What is being asked:
Return exactly the lines of the data below, from the one that contains "And this is" through the final line, and leave out every picture.

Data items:
==============================
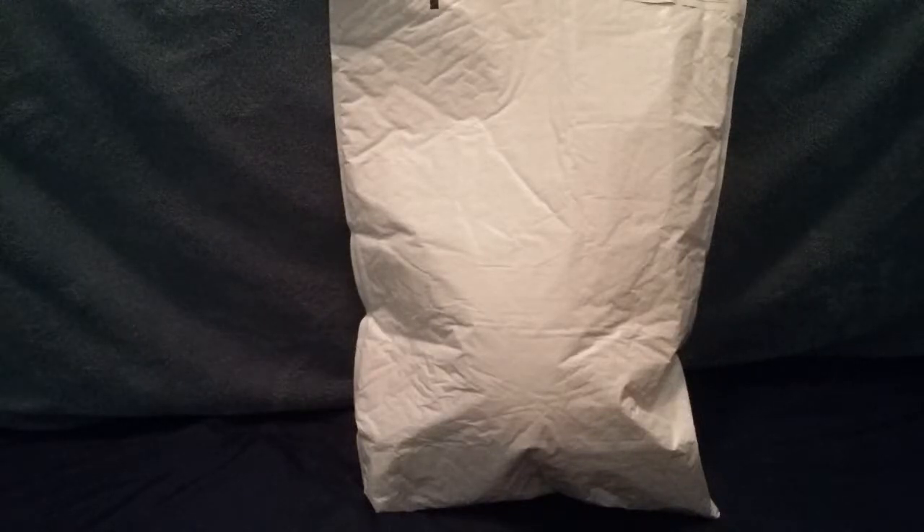Hey guys, welcome back to yet another unboxing! This is the package, it is pretty big, and I'm wondering what's gonna be in it, so let's open it up.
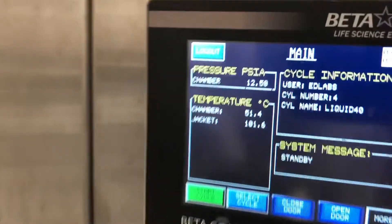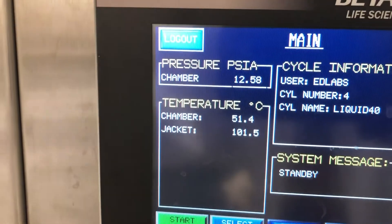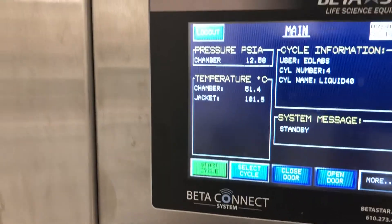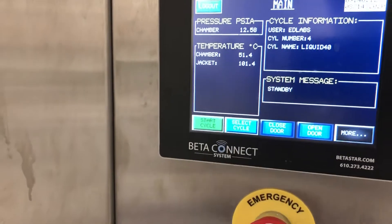You can see here in the chambers: 51 degrees centigrade. The jacket's at 101 degrees centigrade. The chamber's at 12.5 psi, which is atmospheric pressure.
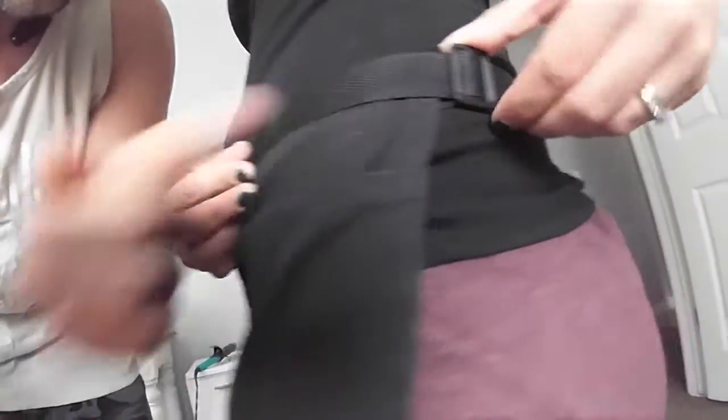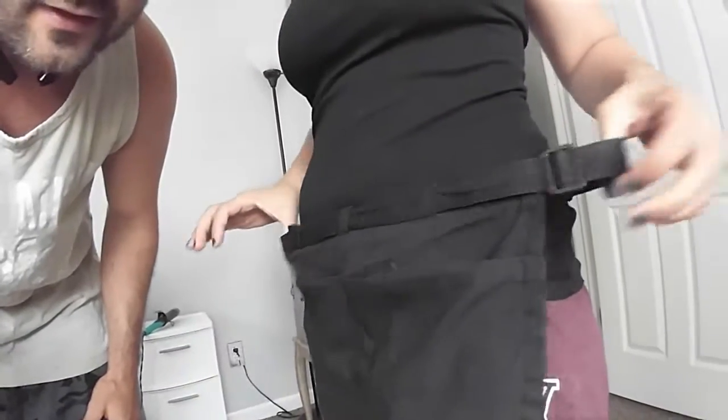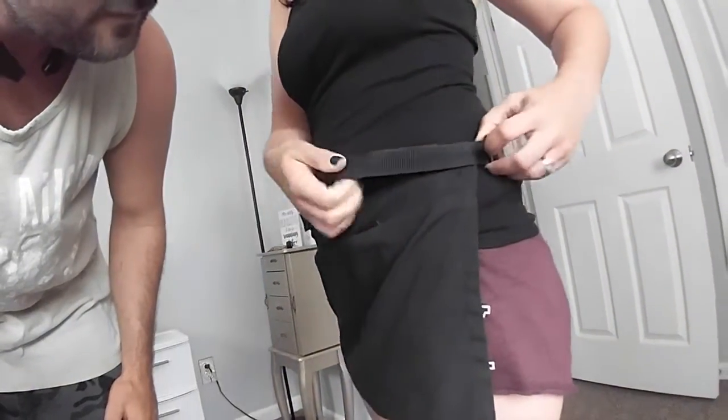Here's the adjustable mechanism, and it's all double stitched. You pull it out right here — see? — and then boop, that makes it bigger. It goes bigger than that, but I'm just showing you. And then if you want to make it tighter, you just pull it like that.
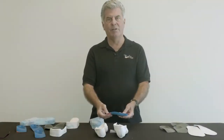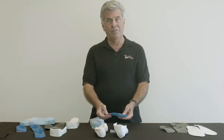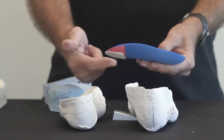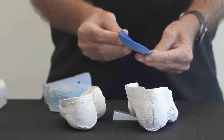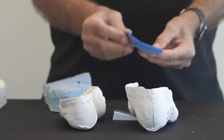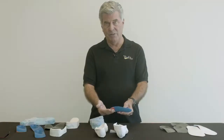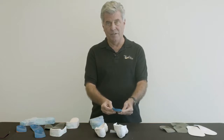Hi, I'm Dr. Doug Ritchie, and today we're going to talk about intrinsic posting of custom foot orthoses. Previously, we talked about adding a forefoot post to align the orthoses either into varus or valgus, and we talked about the advantages and disadvantages of placing a forefoot post on the orthotic shell itself.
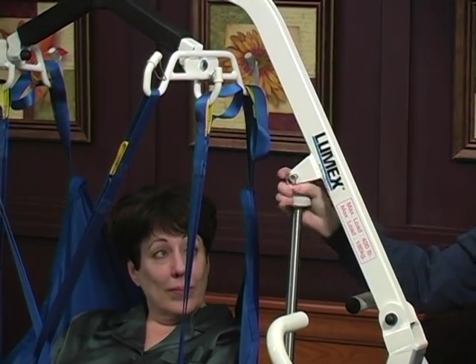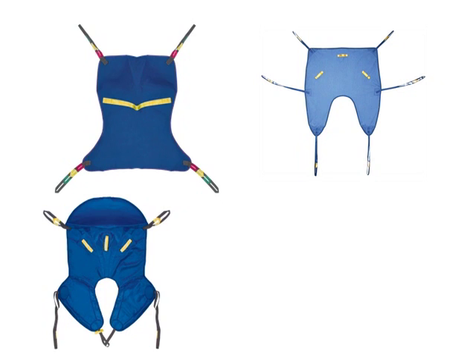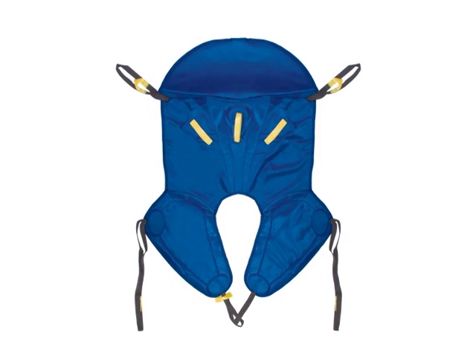Sling Selection: When choosing the proper sling, consider the type of transfer, resident weight and abilities, height, and the most comfortable sling for the individual. There are full body slings, universal slings, divided leg slings, and toileting slings. Slings are available in solid fabric or mesh for quick drying; mesh slings are generally used for bathing. There are also padded and non-padded varieties, those with headrests and those without. If a resident will be in a sling for a period of time or has skin conditions, the use of padded slings is recommended.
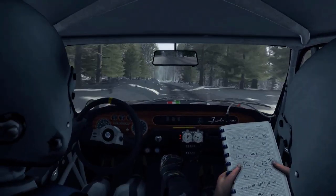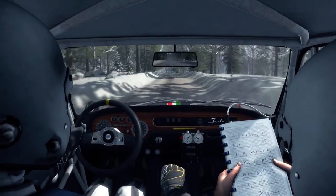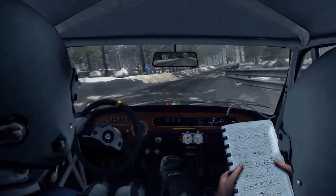Line for 80, left 5, over, bump, portion 60, braking, crest, into right 3, don't cut, 40, left 3 long, 60, crest.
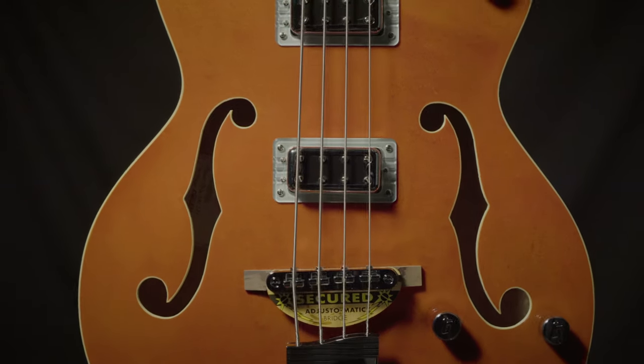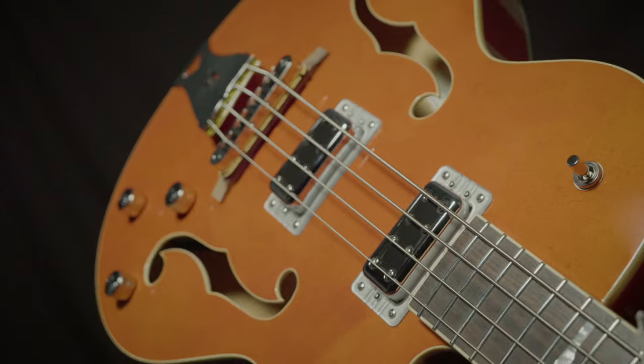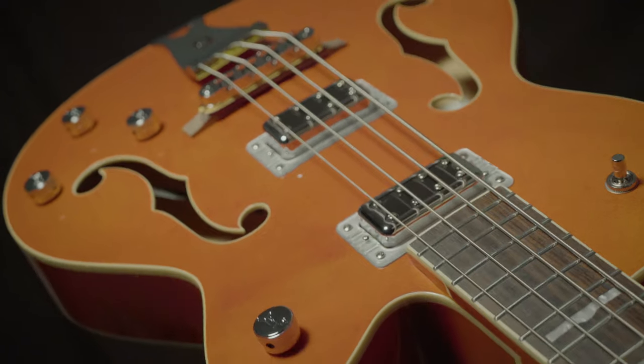This is the Gretsch G5440 Long Scale Bass from the Electromatic line. This features all maple construction, with a ton of buttery tones that you're gonna love on the bandstand and recorded.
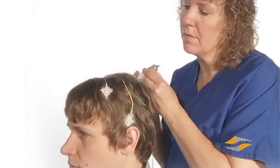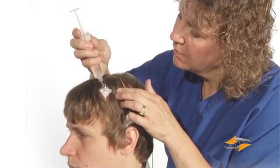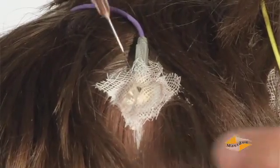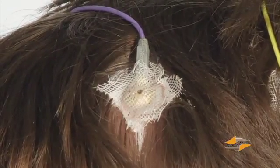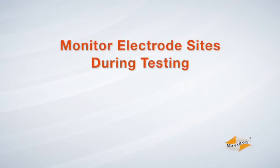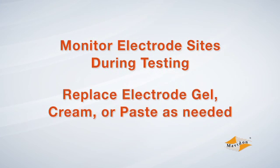Use an electric air pump to blow air over the gauze and speed up the drying process. Once all the electrodes are in place, use a blunt needle syringe filled with electrode gel to fill each electrode through the hole in the dome. Electrode application is now complete. If possible, monitor the electrode sites during testing, as the cream, paste, and especially the gel will dry out over time and need to be replaced.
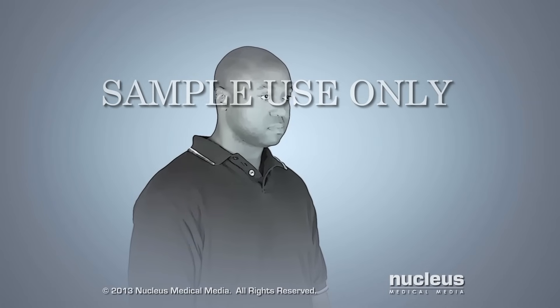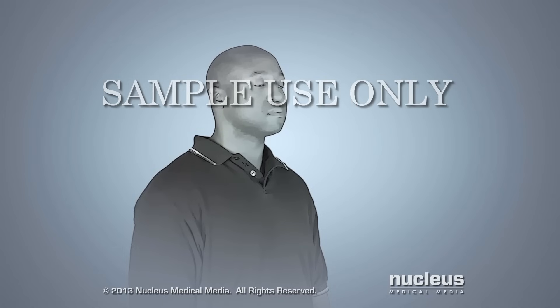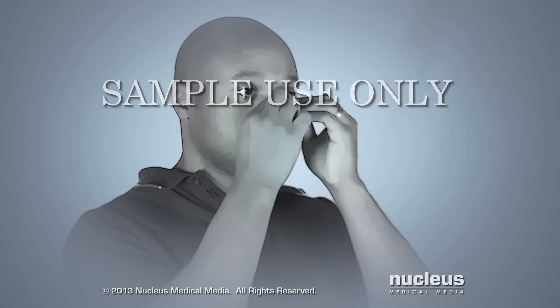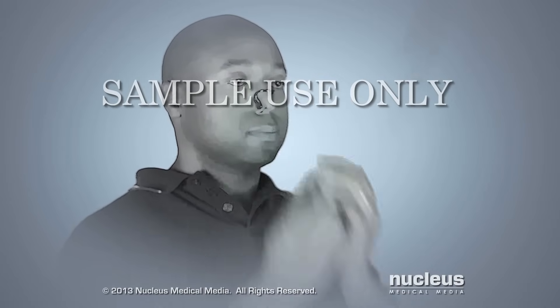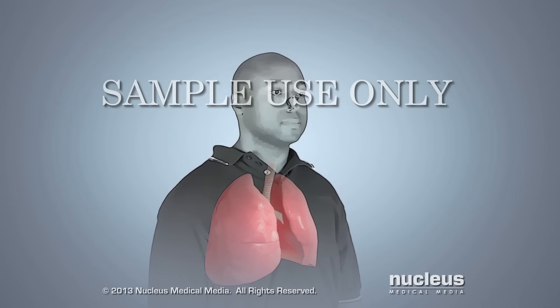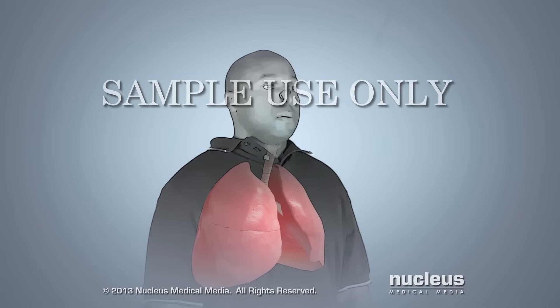To start, you will raise your head and chin so that you can breathe easily. Next, you will place a clip on your nose to prevent air from coming out of your nostrils. Then you'll take a deep breath, filling your lungs completely with air, and hold it.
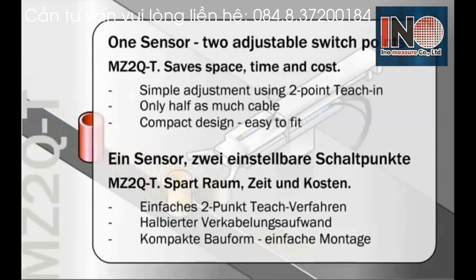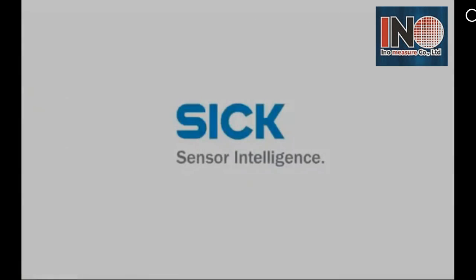The MZ2Q is like two sensors in one. It saves space since it only uses one slot, saves setup time, and saves cost since users only buy a single sensor but get the performance of two. If you would like more information about the MZ2Q sensor, visit us at sickusa.com.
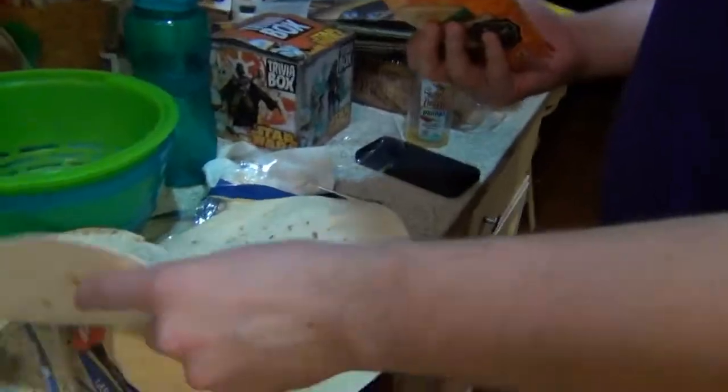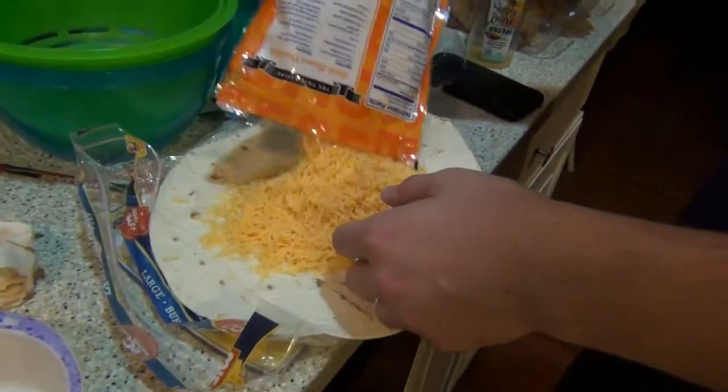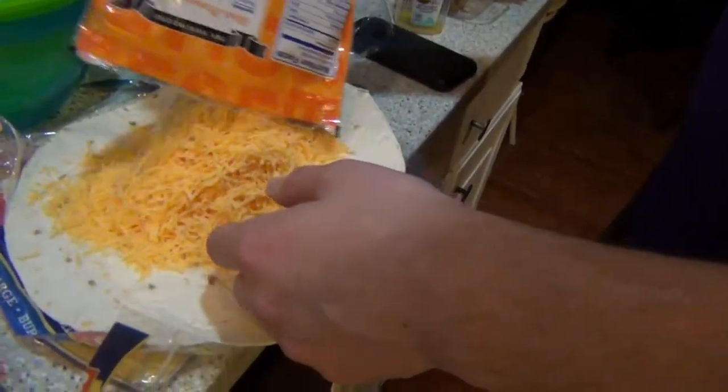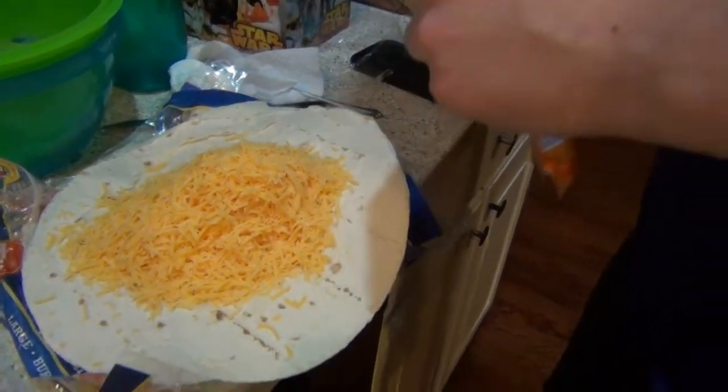And this is really up to your discretion — a little or a lot. You choose what you feel is right. Well, there you have it. That is the first part of our tortilla.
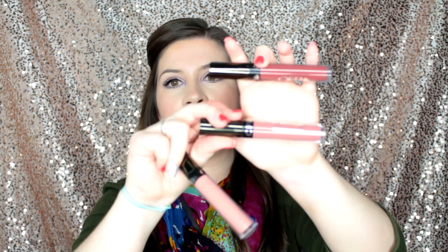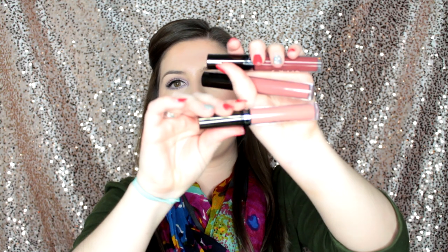So leave me comments down below and let me know which ones are your favorite shades because I would love to hear it. They have so many unbelievable colors on their website. So here are the three colors that Manny did. This one right here is Hypno, this one right here is Charmed, and then this one is Aries.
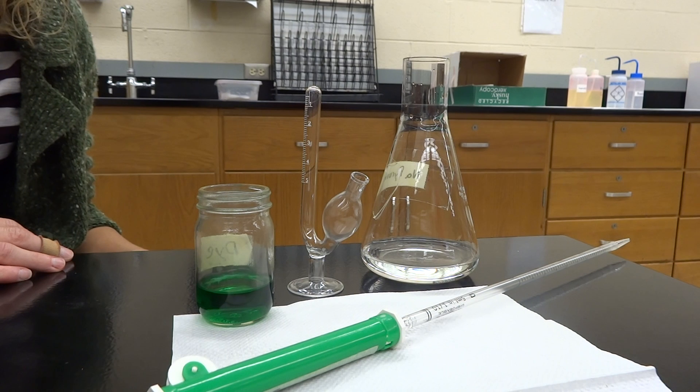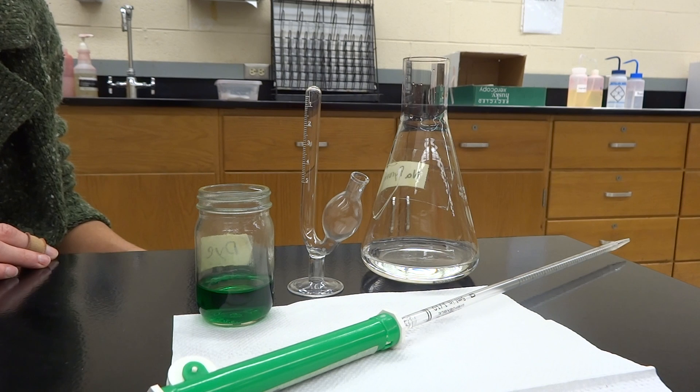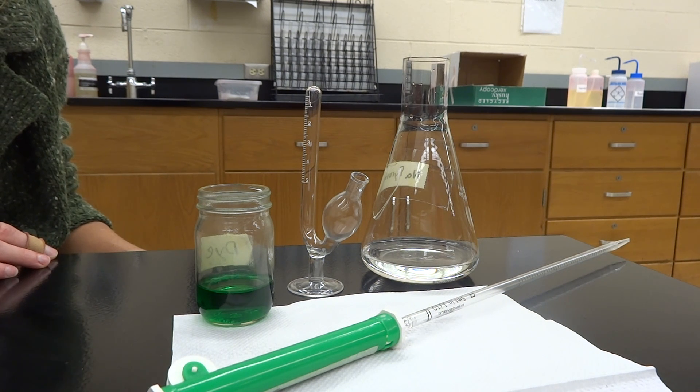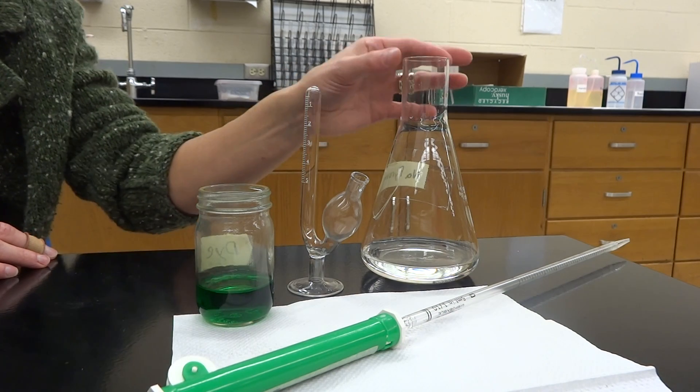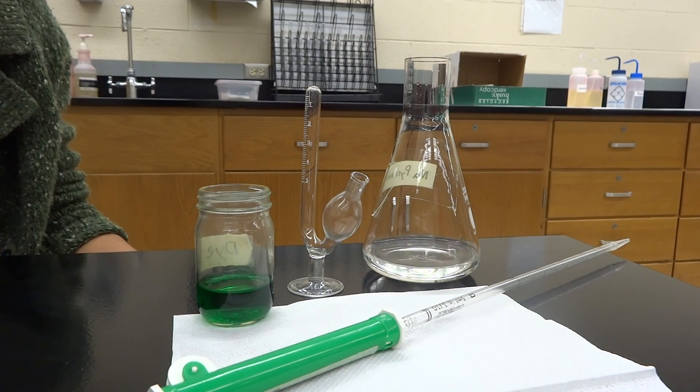For the fermentation experiment, we're going to be looking at yeast and how yeast is going to be producing carbon dioxide. It's going to be using the sugar that we give it, hopefully, in order to produce more and more carbon dioxide, just like yeast would be used to make bread and beer.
==============================
Output of the exercise:
And this is really up to your discretion — a little or a lot. You choose what you feel is right. Well, there you have it. That is the first part of our tortilla.
So leave me comments down below and let me know which ones are your favorite shades because I would love to hear it. They have so many unbelievable colors on their website. So here are the three colors that Manny did. This one right here is Hypno, this one right here is Charmed, and then this one is Aries.
For the fermentation experiment, we're going to be looking at yeast and how yeast is going to be producing carbon dioxide. It's going to be using the sugar that we give it, hopefully, in order to produce more and more carbon dioxide, just like yeast would be used to make bread and beer.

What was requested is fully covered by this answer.